After a week or two of really bad press and
pressure from prominent Dems, McKinsey and Company has finally
come clean, releasing its methodogy for the study. They assert that their findings are at odds with all the other studies done on the issue because "it captured the attitudes of employers and provided an understanding of the factors that could influence decision making" rather than economic studies.
There will be a lot to dig through here, but what’s immediately of interest is that in its statement, McKinsey repeatedly concedes that the study should not be seen as a predictor of future behavior. While McKinsey says it stands by the study’s methodology, the statement repeatedly stresses its lack of predictive value. This seems like a way of dealing with the fact that many other studies — unlike McKinsey — found that there would be minimal impact on employer-sponsored insurance:
We stand by the integrity and methodology of the survey.
The survey was not intended as a predictive economic analysis of the impact of the Affordable Care Act. Rather, it captured the attitudes of employers and provided an understanding of the factors that could influence decision making related to employee health benefits.

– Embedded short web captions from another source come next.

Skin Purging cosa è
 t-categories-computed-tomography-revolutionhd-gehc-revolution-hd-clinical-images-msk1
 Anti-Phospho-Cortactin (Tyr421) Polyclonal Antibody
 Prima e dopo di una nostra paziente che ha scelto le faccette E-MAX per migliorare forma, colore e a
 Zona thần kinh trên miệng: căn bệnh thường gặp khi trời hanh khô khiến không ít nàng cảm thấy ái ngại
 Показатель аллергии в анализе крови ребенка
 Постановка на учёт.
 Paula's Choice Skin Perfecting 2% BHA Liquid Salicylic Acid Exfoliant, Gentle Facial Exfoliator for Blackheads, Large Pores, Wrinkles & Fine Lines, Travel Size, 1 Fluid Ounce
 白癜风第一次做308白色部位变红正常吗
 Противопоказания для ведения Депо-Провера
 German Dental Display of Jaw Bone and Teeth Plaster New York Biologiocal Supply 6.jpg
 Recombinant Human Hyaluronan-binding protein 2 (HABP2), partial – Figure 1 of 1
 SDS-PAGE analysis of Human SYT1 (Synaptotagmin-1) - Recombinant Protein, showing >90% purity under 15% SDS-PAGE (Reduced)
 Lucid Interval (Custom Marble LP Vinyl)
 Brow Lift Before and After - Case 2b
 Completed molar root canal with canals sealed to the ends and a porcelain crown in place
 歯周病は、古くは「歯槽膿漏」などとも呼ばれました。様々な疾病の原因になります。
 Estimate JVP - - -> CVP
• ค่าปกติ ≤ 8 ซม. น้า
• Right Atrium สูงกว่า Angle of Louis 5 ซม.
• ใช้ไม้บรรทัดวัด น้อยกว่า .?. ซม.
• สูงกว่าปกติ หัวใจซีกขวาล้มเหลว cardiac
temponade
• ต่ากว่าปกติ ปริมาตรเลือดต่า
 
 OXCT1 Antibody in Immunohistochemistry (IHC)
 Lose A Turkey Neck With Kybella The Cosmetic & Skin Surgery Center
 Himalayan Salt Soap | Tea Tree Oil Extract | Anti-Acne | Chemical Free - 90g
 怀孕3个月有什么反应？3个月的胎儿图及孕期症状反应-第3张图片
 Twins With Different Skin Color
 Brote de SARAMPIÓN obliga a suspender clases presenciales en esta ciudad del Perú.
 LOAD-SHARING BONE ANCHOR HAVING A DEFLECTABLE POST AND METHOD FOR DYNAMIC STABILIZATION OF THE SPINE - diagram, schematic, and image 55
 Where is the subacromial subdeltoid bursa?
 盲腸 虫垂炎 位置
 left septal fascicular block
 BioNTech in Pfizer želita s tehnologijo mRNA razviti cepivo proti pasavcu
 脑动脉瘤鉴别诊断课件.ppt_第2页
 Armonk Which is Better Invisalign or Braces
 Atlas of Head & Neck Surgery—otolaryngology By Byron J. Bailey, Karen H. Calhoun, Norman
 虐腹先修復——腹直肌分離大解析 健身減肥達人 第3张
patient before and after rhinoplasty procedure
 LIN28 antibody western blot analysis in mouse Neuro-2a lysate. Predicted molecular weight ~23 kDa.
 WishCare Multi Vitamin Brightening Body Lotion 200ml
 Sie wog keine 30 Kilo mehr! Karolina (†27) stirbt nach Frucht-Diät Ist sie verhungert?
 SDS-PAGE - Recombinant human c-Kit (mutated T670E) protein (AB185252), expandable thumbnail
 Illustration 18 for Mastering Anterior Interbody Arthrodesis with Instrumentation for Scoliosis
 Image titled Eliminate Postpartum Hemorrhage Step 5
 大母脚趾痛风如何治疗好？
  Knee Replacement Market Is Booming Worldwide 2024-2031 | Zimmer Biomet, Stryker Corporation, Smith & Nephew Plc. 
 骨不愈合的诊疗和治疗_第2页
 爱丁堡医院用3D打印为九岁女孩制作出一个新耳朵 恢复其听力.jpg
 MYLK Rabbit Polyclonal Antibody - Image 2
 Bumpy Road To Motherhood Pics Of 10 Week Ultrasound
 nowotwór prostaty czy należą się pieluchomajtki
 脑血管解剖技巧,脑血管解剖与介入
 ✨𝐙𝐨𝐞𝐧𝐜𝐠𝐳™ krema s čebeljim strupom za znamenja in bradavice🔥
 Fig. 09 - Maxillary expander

As such, our survey results are not comparable to the healthcare research and analysis conducted by others such as the Congressional Budget Office, RAND and the Urban Institute. Each of those studies employed economic modeling, not opinion surveys, and focused on the impact of healthcare reform on individuals, not employer attitudes.
Comparing the McKinsey survey to economic estimates, such as the CBO’s, is comparing apples to oranges. While the McKinsey Quarterly article about the survey cited CBO estimates, any comparison is not apt. We understand how the language in the article could lead the reader to think the research was a prediction, but it is not.
Note the claim that the study only established factors that "could" influence employer decision-making on benefits later.
Of course, "readers" aren’t the only ones who saw the McKinsey study as a "prediction." It has been widely cited by opponents of the Affordable Care Act as just that.
Or as Jamison Foser tweets, "people thought McKinsey study was 'predictive'" because the title they used says so: "How US health care reform will affect employee benefits." Sounds like a prediction in my book.
McKinsey is toeing a careful line, mindful that they have to keep their reputation in order to keep getting business. That interpretation is reinforced by this observation of the controversy and McKinsey's action by Rick Ungar at Forbes. He point out that McKinsey is positioned to make "big bucks" as the firm to provide advice to companies navigating the new law "on the benefits of unraveling their complicated and extensive employee benefit plans and for assistance in executing any new plans for the same.... The findings were good for [McKinsey's] business—pure and simple."
So McKinsey is needing to explain away why their study is contradicted by every other study in order to maintain their very important credibility. And lucrative consulting contracts.